D’une fratrie de 5 enfants, Benji retient de son enfance difficile, les belles choses que lui a offertes la vie. « Ma mère travaillait dans un hôtel tandis que mon père était planton dans un lycée. Ils bossaient tous les deux très durs mais cela ne suffisait pas pour nous inscrire à une école privée. A l’époque, c’était mon rêve, je voyais des enfants de mon âge progresser rapidement parce qu’ils avaient la chance d’y aller. Alors que l’école privée opérait le matin comme l’après-midi, les enfants qui fréquentaient l’école publique rentrait à la maison après quatre heures de cours et ne faisaient rien. C’était aussi mon cas même si mes parents se débrouillaient pour que je puisse de temps en temps rejoindre une école confessionnelle car il savait que j’avais soif d’apprendre ». 

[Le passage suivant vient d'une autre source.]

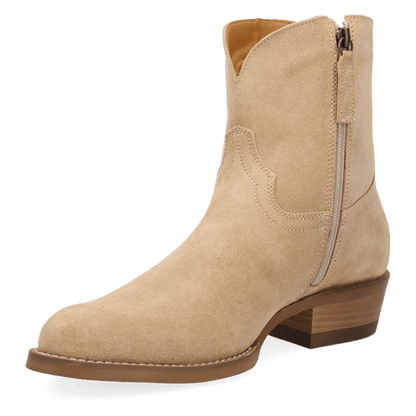 NIGHT SHIFT LEATHER BOOT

C’est ainsi que Benji a lui commencé à travailler bien avant ses 18 ans. « Comme mon père travaillait dans un lycée, je pouvais aller le voir sur son lieu de travail. J’en profitais pour me faufiler dans la bibliothèque et là je dévorais les livres. C’était un moment privilégié où je pouvais m’évader, voyager, me faire plaisir ». Il en apprend beaucoup sur son pays. Il aimait aussi apprendre de nouveaux mots dans le dictionnaire. Cela lui a permis donc de devenir guide touristique à un très jeune. « Je pouvais bien parler le français comme mon père et j’en savais beaucoup sur mon pays ». 

Après avoir obtenu son Bac en 2003, Benji veut aller à l’université. Après deux ans, il se heurte cependant à des obstacles financiers. « Je n’avais plus les moyens de continuer à payer ces études, j’ai donc dû renoncer au diplôme ». Il continue à travailler et rencontre  sur son chemin de bonnes gens, dont un touriste qui lors de son passage à Madagascar est impressionné par le jeune homme. « Il m’a demandé comment il pouvait m’aider et si j’avais besoin d’un peu d’argent. Je lui ai dit que mon rêve c’était de faire des études supérieures. Il m’a alors payé des cours à l’Institut National de Tourisme et de l’Hôtellerie (INTP) pour approfondir mes connaissances en histoires ». C’est ainsi que jusqu’à ce jour, il est un guide incontournable du pays. Cependant, la misère fait encore partie de son quotidien. Il dit toujours lutter pour s’en sortir. « Dans mon quartier, nous sommes dans la même situation. Avec ma famille, nous travaillons demain pour manger aujourd’hui comme tous ceux qui sont autour de moi. Mais jamais nous nous contentons de ce que nous avons sans envier les autres et sans rien leur demander. Si, de bon cœur, on nous offre quelque chose, on le prend et on dit merci. D’ailleurs, je suis très reconnaissant pour toutes les personnes qui me tendent encore la main».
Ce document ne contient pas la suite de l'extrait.